Maarten-Jan Bakkum ist Senior Emerging Market Strategist bei NN Investment Partners (NN IP)
Die Zahl der Firmenpleiten steigt, während die Gewinne der Banken rapide sinken. Aber auch gesellschaftlich und politisch macht sich der Abschwung bemerkbar: Steigende Arbeitslosenzahlen und Zinsen höhlen die Kaufkraft aus, während die Regierungen mit wachsenden Defiziten und sinkendem Rückhalt in der Bevölkerung zu kämpfen haben.
Es braucht Reformen, um der Wirtschaft eine Atempause zu verschaffen, doch die Furcht vor unpopulären Entscheidungen lähmt jetzt das System. Die Wirtschaftskrise verändert die Gemengelage innerhalb und ausserhalb der Regierungen, führt zu gegenseitigen Vorwürfen sowie Enthüllungen von Machtmissbrauch.
Pressefreiheit und Bürgerrechte leiden
Nicht von ungefähr kommen Korruptionsskandale gerade in wirtschaftlich schwierigen Zeiten ans Licht.
Jedes Land geht anders mit zunehmenden wirtschaftlichen Problemen um. In Staaten mit autokratischer Tradition verschärfen die Regierungen die staatliche Kontrolle; Pressefreiheit und Bürgerrechte leiden.
Das war in den letzten Jahren in Russland, Thailand, China und der Türkei zu beobachten. Offizielle Antikorruptions-Kampagnen sowie Konflikte mit ausländischen Mächten dienen dabei zur Ablenkung von den wahren Problemen im Land.

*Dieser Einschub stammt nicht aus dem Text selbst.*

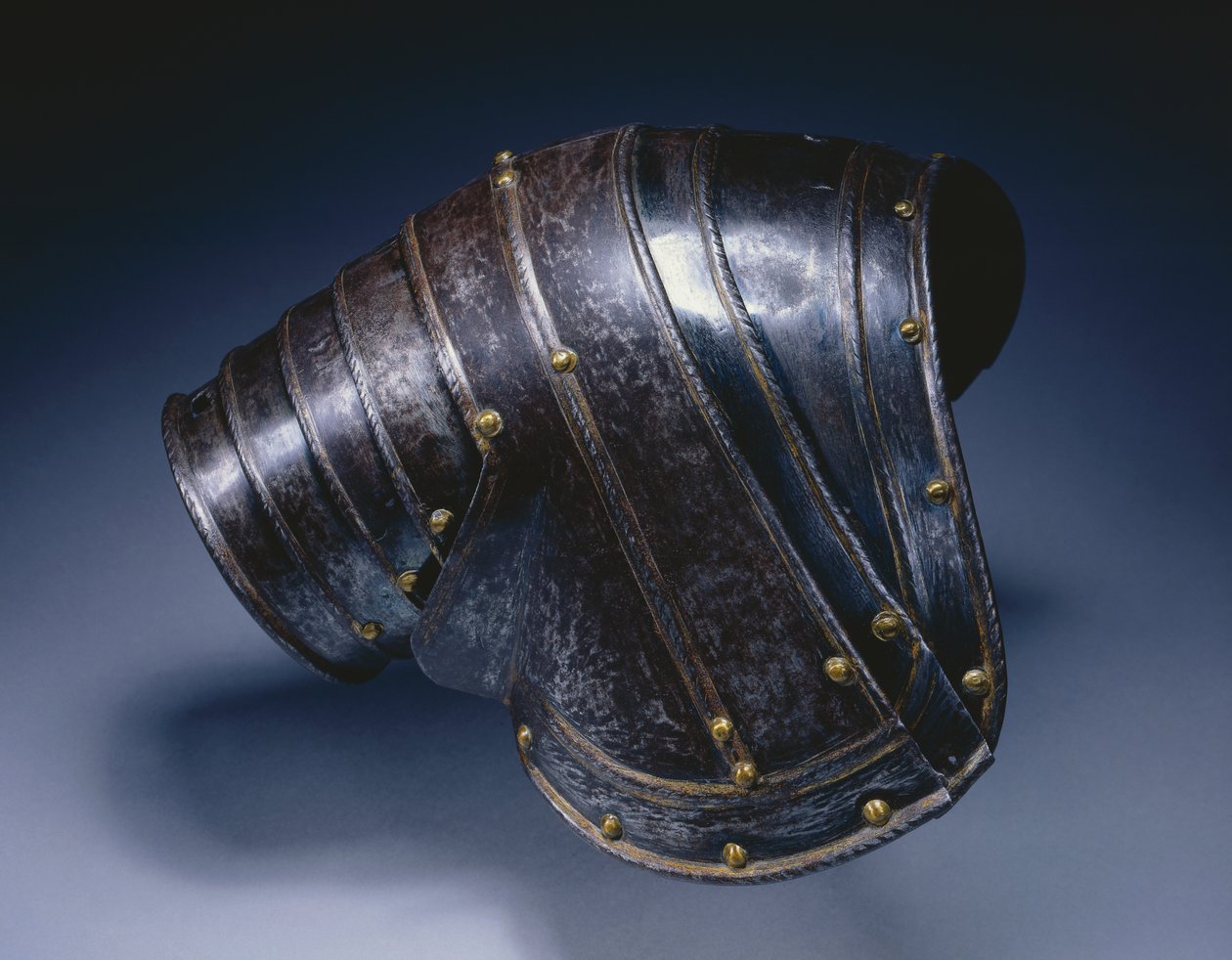 右肩甲、1560-70年頃（青と金色の鋼） 作： イタリア語学校
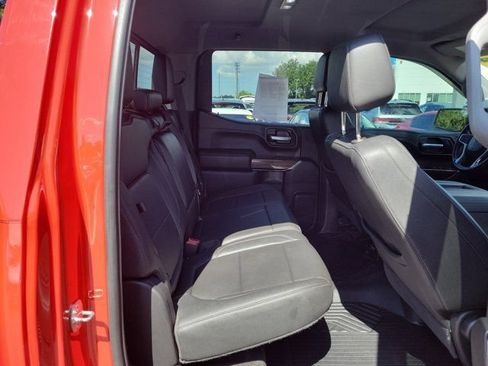 Used 2021 Chevrolet Silverado 1500 LT Trail Boss w/ LT Trail Boss Premium Package AWD/4WD image 9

Instrumentalisierte Skandale
In Ländern, in denen demokratische Traditionen stärker verwurzelt sind oder die Regierungen weniger Kontrolle über Gesellschaft und Institutionen ausüben können, eskalieren die Konflikte in der Regel im politischen System.
Korruptionsskandale werden instrumentalisiert, um politische Rechnungen zu begleichen. Südafrika und vor allem Brasilien und Malaysia sind Paradebeispiele für diese Kategorie. Der Schmiergeldskandal rund um den brasilianischen Ölkonzern Petrobras und die Protestwelle gegen Brasiliens Präsidentin Dilma Rousseff haben das Land in Aufruhr versetzt; wie es weitergehen soll, ist ungewiss.
Völlig aus dem Lot
In Malaysia geht es um staatliche Gelder, die auf das Konto von Malaysias Premier Najib Razak geflossen sein sollen. Dieser Skandal könnte das prekäre Gleichgewicht in Malaysia, mit seinen unterschwelligen ethnischen Spannungen, völlig aus dem Lot bringen.
Die politischen Risiken in den aufstrebenden Volkswirtschaften – ob erster oder zweiter Kategorie – steigen rapide. Das erklärt zumindest teilweise, warum es an den Anleihe- und Devisenmärkten weiterhin abwärtsgeht.
Wirtschaftliche Ungleichgewichte
Korruptionsskandale, Regierungskrisen und zunehmende Repressalien unterminieren die Reformbestrebungen. Reformen sind dringend geboten, um die wirtschaftlichen Ungleichgewichte abzubauen, das Investitionsklima zu verbessern und die Weichen für erneutes Wachstum zu stellen.